Шелопут и Королева. Моя жизнь с Галиной Щербаковой - Александр Щербаков
Шрифт:
Интервал:
Закладка:
И тут возникает другой вопрос. К тому времени я уже настаивал на ее разводе. Казалось бы, сделай это – и езжай куда хочешь. Но Галина не хотела об этом слышать раньше, чем она и ее муж не возвратятся на благодатную донскую землю. По ее представлениям именно это, а не что-то другое было бы истинным предательством.
Опять отступаем во времени и снова предоставим слово Гале.
«В конце второго курса вышла замуж за выпускника философского факультета университета. Яркий такой, многим известный выпускник по фамилии Режабек. У него началось распределение. Классные выпускники-отличники философского факультета были распределены преподавателями в Челябинскую область в ПТУ. Что тут можно сказать?
И я, как принято у русских женщин, тронулась за ним вслед на верхней боковой полке плацкартного вагона. Если бы он не уезжал, я думаю, через какое-то время все это и ушло бы. Но за ним поехала. Я «совершила подвиг», придумала красивую историю. Когда стали жить вместе, выяснилось, что мы из разного теста. Я настолько была влюблена вначале, что пыталась этого не видеть. Он, видимо, тоже старался. Потом я стала прикидывать, мог бы тот или иной мужчина его заменить. Когда пытаешься в любви играть в шахматы, делать рокировки, надо уже бежать. Мы были молоды, очень целомудренны. Потом встретился мой нынешний муж, Александр Сергеевич, случился грех, и ушли все вопросы, я поняла, что надо расходиться.
А была у меня вероятность поехать далеко-далеко другим маршрутом.

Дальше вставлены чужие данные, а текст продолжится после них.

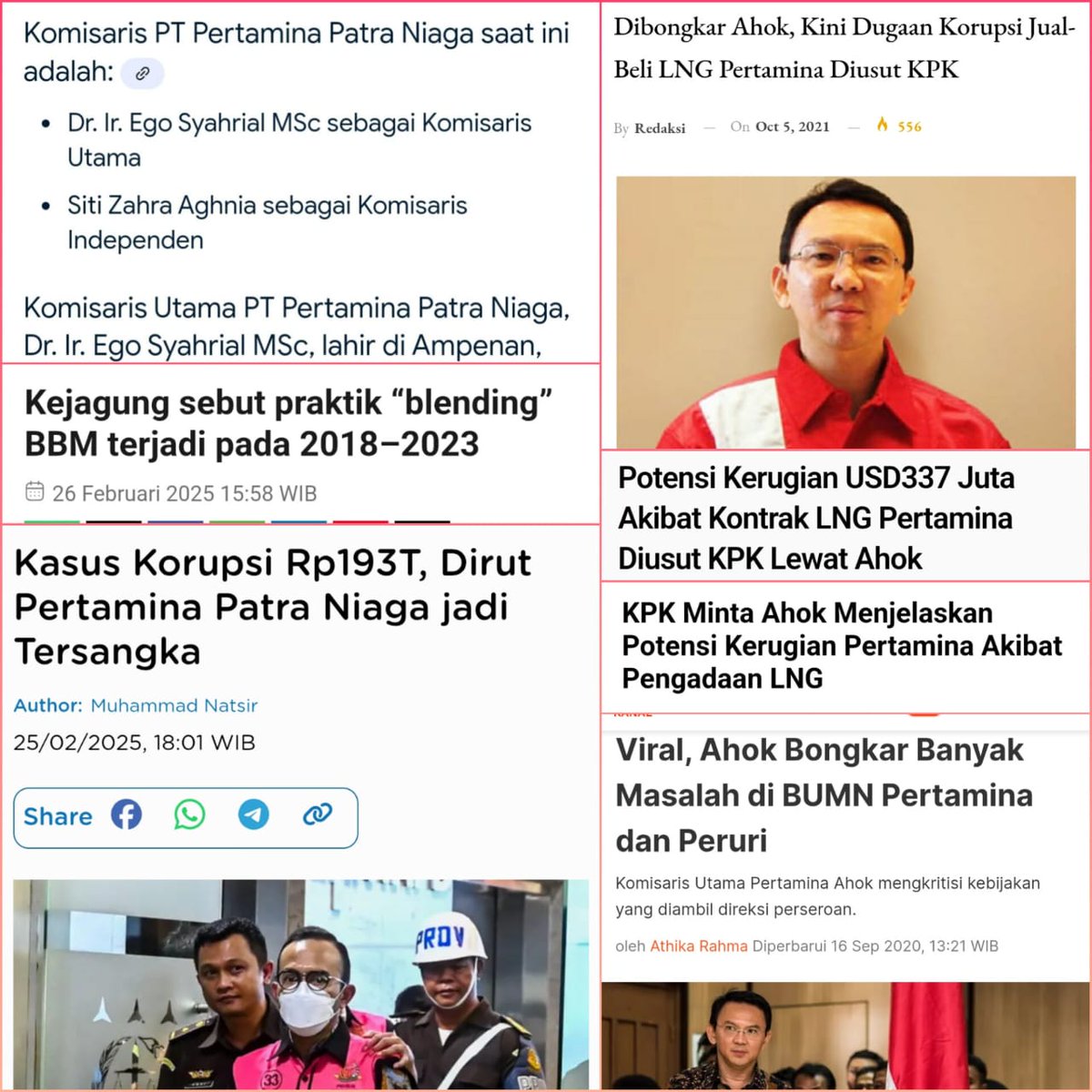 Ternak jokodok mencoba menjatuhkan PDIP lewat Ahok terkait korupsi Pertamina Patra niaga.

Видите ли, я сочла для себя возможным вступить в дерзкую переписку с самим товарищем Сталиным. Я написала ему резко и прямо, что нецелесообразно использовать выпускников философских факультетов в качестве преподавателей ПТУ. Думайте же, товарищ Сталин, своей головой, сказала я ему в письме. Кто же забивает гвозди микроскопом? Товарищ Сталин мне не ответил, но другие ответили мгновенно. Мне написали, что товарищ Сталин знает, как поступать с кадрами и со всеми остальными. И его решения обсуждению не подлежат. В семье зашевелился страх. Дело в том, что за «длинный язык» уже сидел по 58-й статье мой дядька. «Куда ж тебя черти несут!» – кричала на меня бабушка».

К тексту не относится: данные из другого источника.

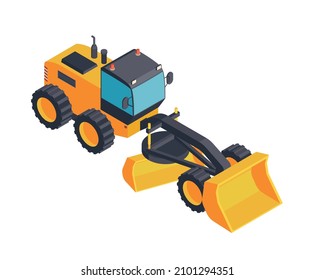 Isometric yellow motor grader on white background 3d vector illustration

Слава богу, черти пронесли. Но Режабеку кое-что подпортили. Он был кандидатом в члены партии. Так вот, прием в «окончательные» члены был отодвинут. Галя это помнила. Но конечно, важнее было понимание: напрасно вышла замуж. Со временем стал казаться порождением «литературщины» и сам ее «подвиг», который, считала она, исказил жизнь обоих. В ней поселилось чувство вины. Это было, конечно, глупо: не он же за ней вынужденно поехал, а она за ним. Но чувство (вины) – оно и есть чувство. Его даже самой справедливой, умной мыслью не прогнать. И моя милая забрала себе в голову, что она должна помочь мужу возвратиться в Ростов, где любимый университет не выдаст своих птенцов, где, между прочим, живет мама Евгения.
А с другой стороны был я со своим нетерпением. И бедная моя Галя решила форсировать события: уехать в Ростов, перетащить туда Режабека, а в остальном положиться на меня. «Решение есть действие», – как говорил один очень деловой американец. Галина уволилась – по причине «переезда к мужу», купила билет и отправилась на юг решать вопросы. Режабек должен был закрыть свои челябинские дела и устроить собственный перевод на работу… в Ростовский университет.
Я поехал в Свердловск завершать свое высшее образование.
Далее предлагаю вам чисто эпистолярную главку, состоящую из посланий Галины, по которым легко представить все происшедшее с нами в этот «переходный период».
Из Дзержинска Донецкой области – в Свердловск
Здравствуй, родной мой, любимый!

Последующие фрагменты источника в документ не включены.